In the first section of Groundwork Kant distinguishes between actions done in conformity with the moral law [pflichtmässig] and actions motivated by recognition that they are required by the moral law [aus Pflicht], claiming that only actions of the latter kind have “moral worth.” It might seem, then, that for Kant the moral ideal for human beings is to be unencumbered by any affective or emotional states that might interfere with direct motivation by respect for the moral law itself, an implausibly austere conception of human moral life. This austerity is thrown into sharp relief by contrasting Kant’s conception with the Aristotelian view. Kant’s ideal moral agent—motivated solely by the moral law, rather than by sensible inclinations that pull him in the opposite direction—seems to correspond to what Aristotle calls the “continent” person in Book 7 of the Nicomachean Ethics, one who faces significant temptation to perform nonvirtuous action but resists it. For Aristotle, the continent person is second best compared to the virtuous person, in whom the rational and nonrational parts of the soul are in harmony. Surely, goes the objection, it would be better to have full Aristotelian virtue than mere Kantian continence.

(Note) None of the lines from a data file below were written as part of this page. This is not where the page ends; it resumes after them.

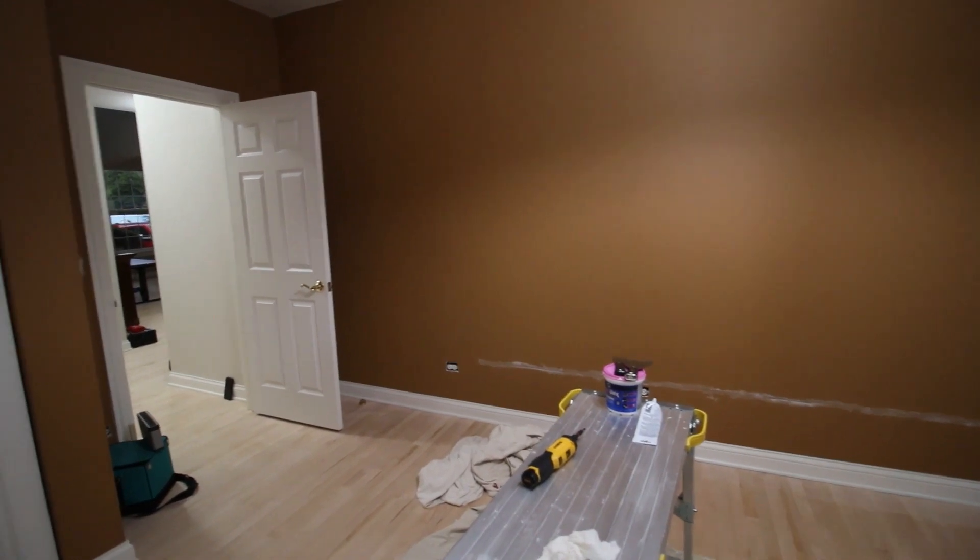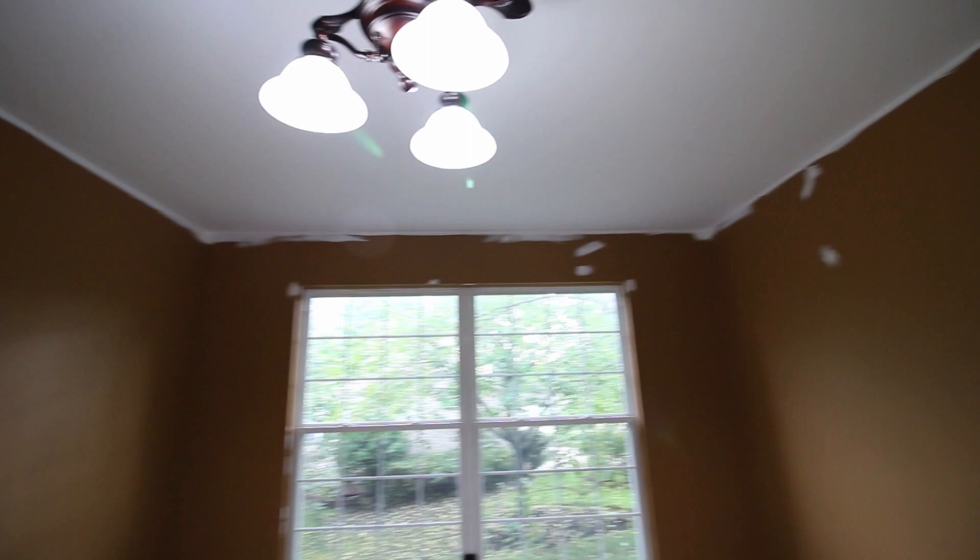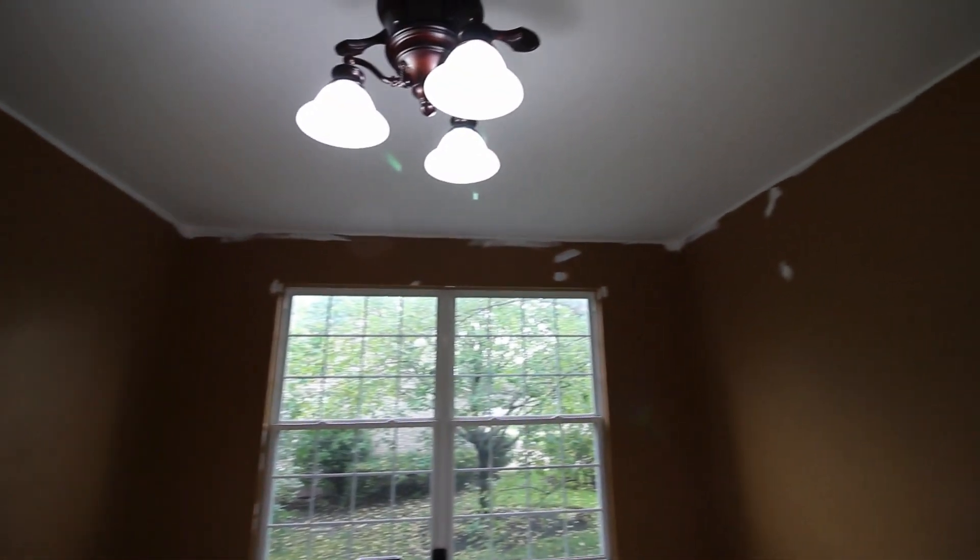Now we're going to cut in the ceiling. A mistake some people make is trying to cut in too neatly at the ceiling line. You actually want to come down onto the wall because you're trying to get rid of all that old color — and remember, the wall color is going to go up onto the ceiling line anyway. Cut in on the ceiling, bring it down onto the wall, and make sure you're eliminating all that old color.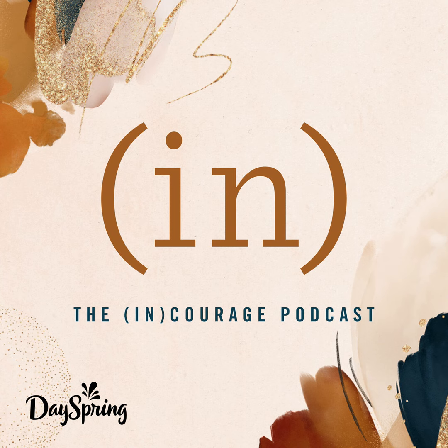The Encourage podcast is brought to you by Dayspring. For over 50 years, Dayspring has created quality cards, books, and gifts that help you live your faith. Find out more at Dayspring.com.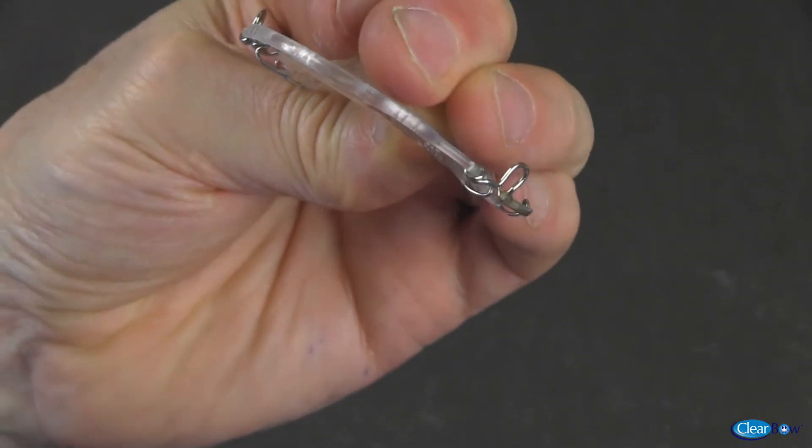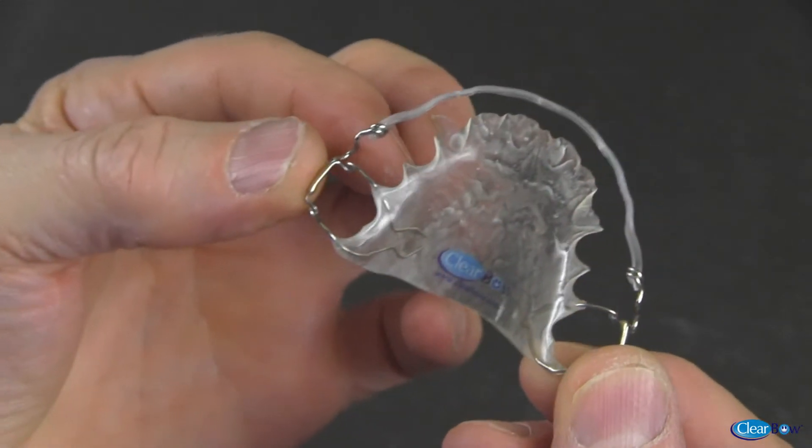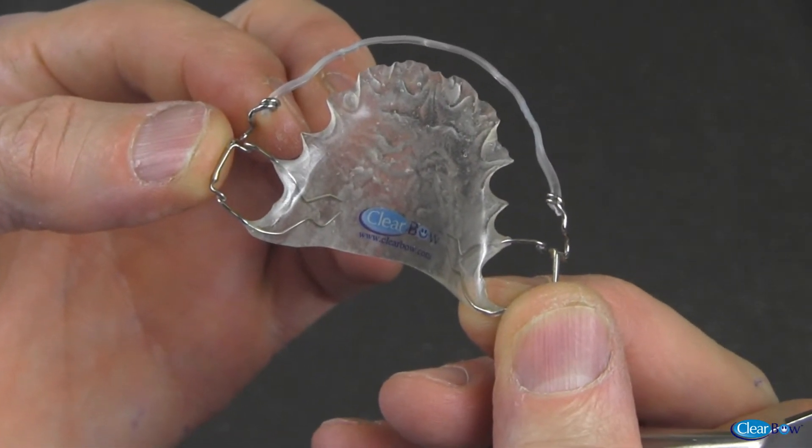The ability to adjust the clear bow without fear of breakage is one of the many reasons that make it the clear alternative for a superior orthodontic appliance.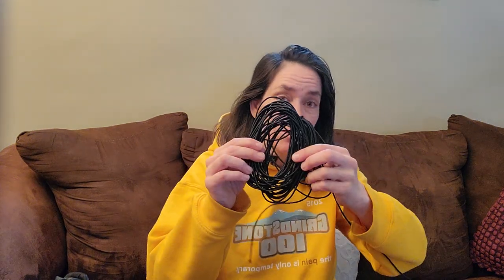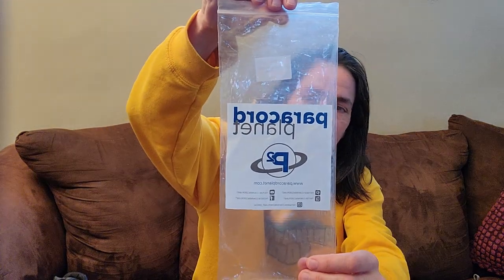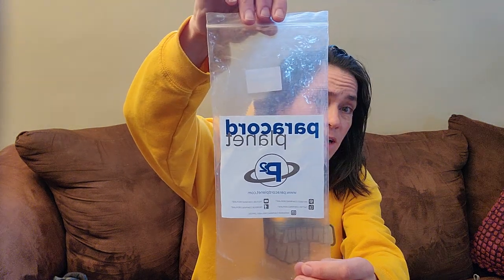This is shotcord. You can get 50 feet for about the same price online. Super convenient stuff. This is 2.5 millimeter shotcord or paracord. You'll see a bag like this usually, and you'll have a choice of sizes. Get 2.5 millimeter — everything else is bigger and you won't like it.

In her new book Anne Margaret Baxley convincingly answers this objection by uncovering Kant’s true theory of virtue and showing that it is morally superior to mere continence. In the first chapter, Baxley lays out a clear and convincing interpretation of the first section of the Groundwork that highlights the apparent problems in Kant’s theory. She then discusses several objections to Kant’s theory that have been raised in contemporary normative ethics, and successfully dispatches them. However, she acknowledges that one final objection—the neo-Aristotelian objection that Kant’s ideal moral agent is merely continent rather than fully virtuous—requires a more extensive defense, which constitutes the remainder of the book.
In the second chapter Baxley begins her defense of Kant by outlining his theory of virtue as “autocracy,” a state she defines as “a form of moral self-rule or self-governance in accordance with reason over sensibility, a self-governance presupposing an ability to control and limit the influence on the will of feelings and inclinations that conflict with moral concerns” (53). The virtuous Kantian agent has the stable disposition to be motivated by pure practical reason: when his sympathetic feelings push him in the same direction as practical reason, they are simply an additional motivational state that can serve as a back-up system in case practical reason fails to motivate; but when they push him in the direction of morally incorrect action, the virtuous agent has sufficient self-governance to be motivated by practical reason rather than his sympathetic feelings. Kantian virtue does not require the extirpation of one’s feelings, but their governance by reason.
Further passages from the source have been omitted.